REQUIRED WORK: Once the images are set aside, return every entry exactly.

RECORDS:
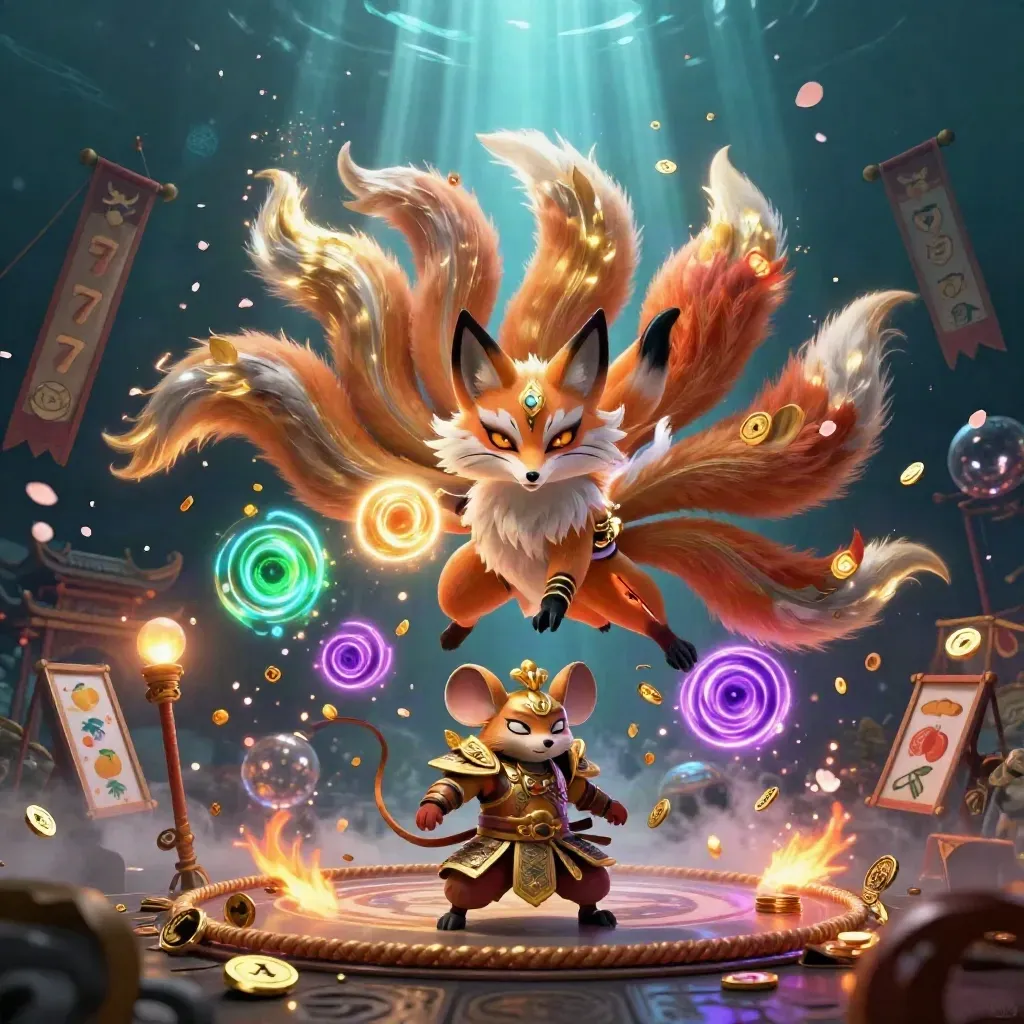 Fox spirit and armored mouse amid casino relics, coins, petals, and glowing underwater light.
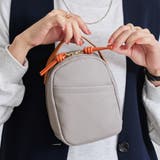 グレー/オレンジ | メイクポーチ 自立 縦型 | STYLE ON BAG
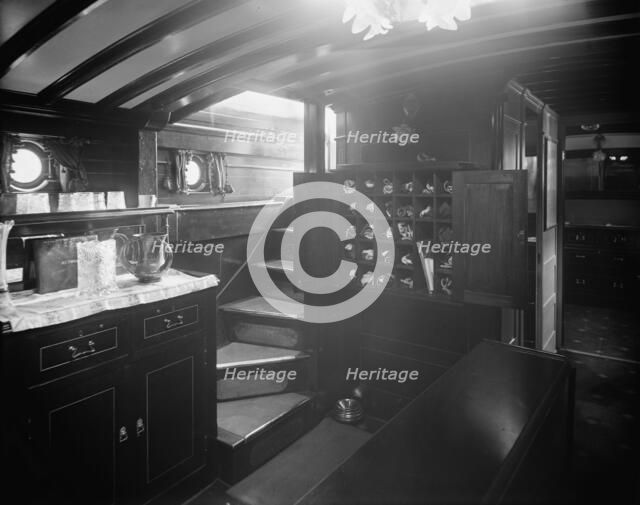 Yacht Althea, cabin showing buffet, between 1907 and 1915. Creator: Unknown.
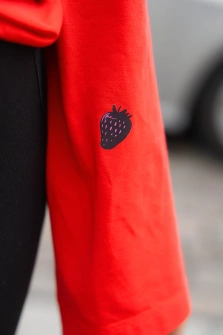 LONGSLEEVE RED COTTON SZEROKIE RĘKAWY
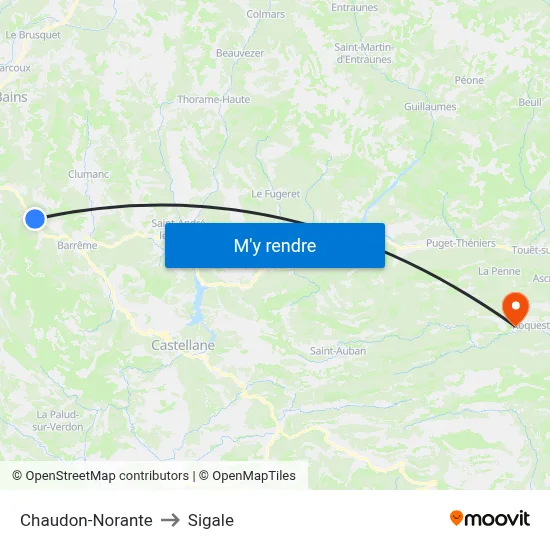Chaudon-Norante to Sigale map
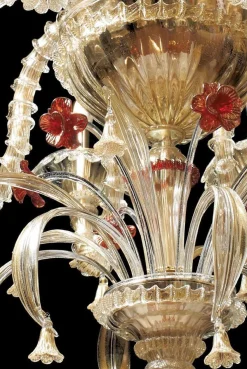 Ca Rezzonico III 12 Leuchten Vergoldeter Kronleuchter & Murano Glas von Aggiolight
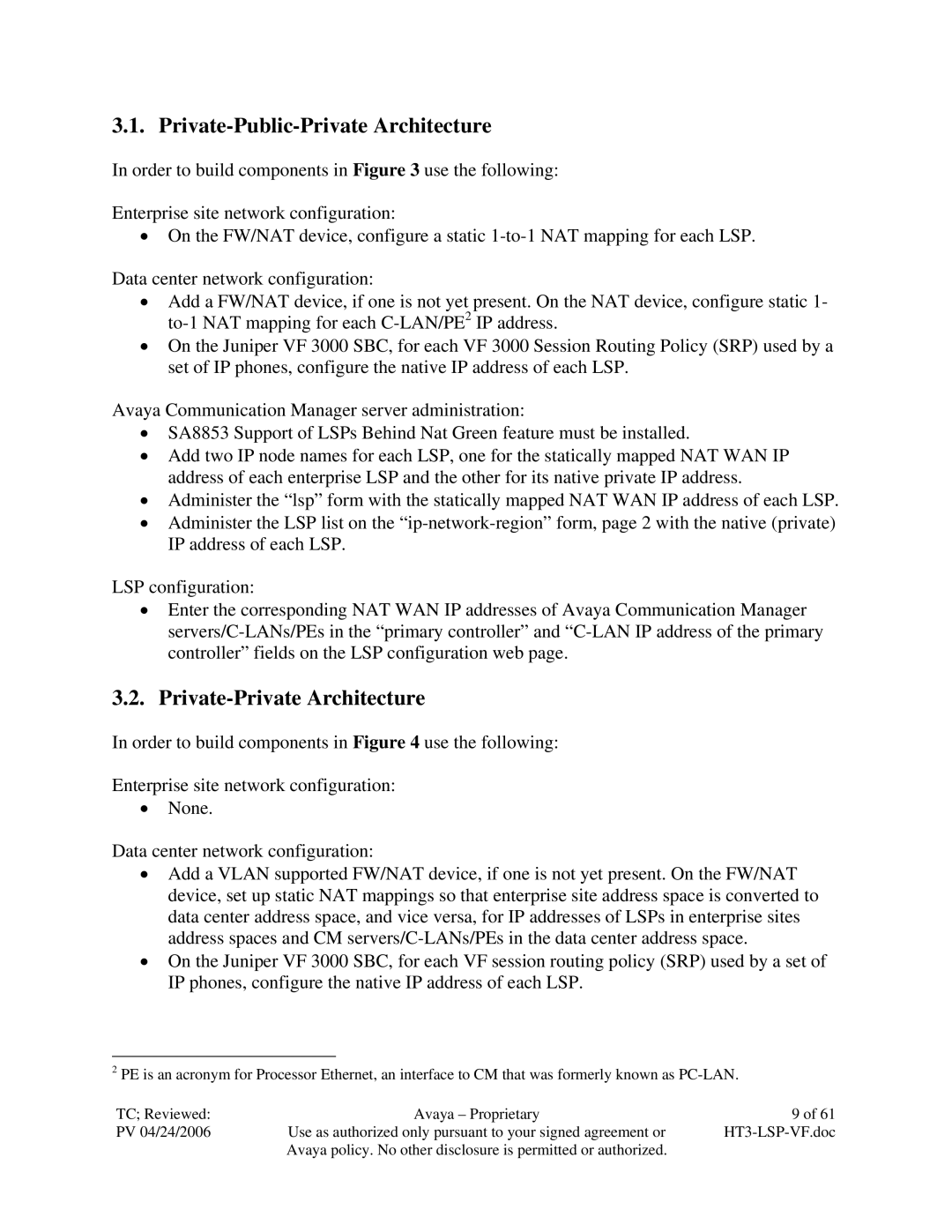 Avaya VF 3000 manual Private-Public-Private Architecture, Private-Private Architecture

ANSWER TO THIS PROBLEM:
 Fox spirit and armored mouse amid casino relics, coins, petals, and glowing underwater light.
 グレー/オレンジ | メイクポーチ 自立 縦型 | STYLE ON BAG
 Yacht Althea, cabin showing buffet, between 1907 and 1915. Creator: Unknown.
 LONGSLEEVE RED COTTON SZEROKIE RĘKAWY
Chaudon-Norante to Sigale map
 Ca Rezzonico III 12 Leuchten Vergoldeter Kronleuchter & Murano Glas von Aggiolight
 Avaya VF 3000 manual Private-Public-Private Architecture, Private-Private Architecture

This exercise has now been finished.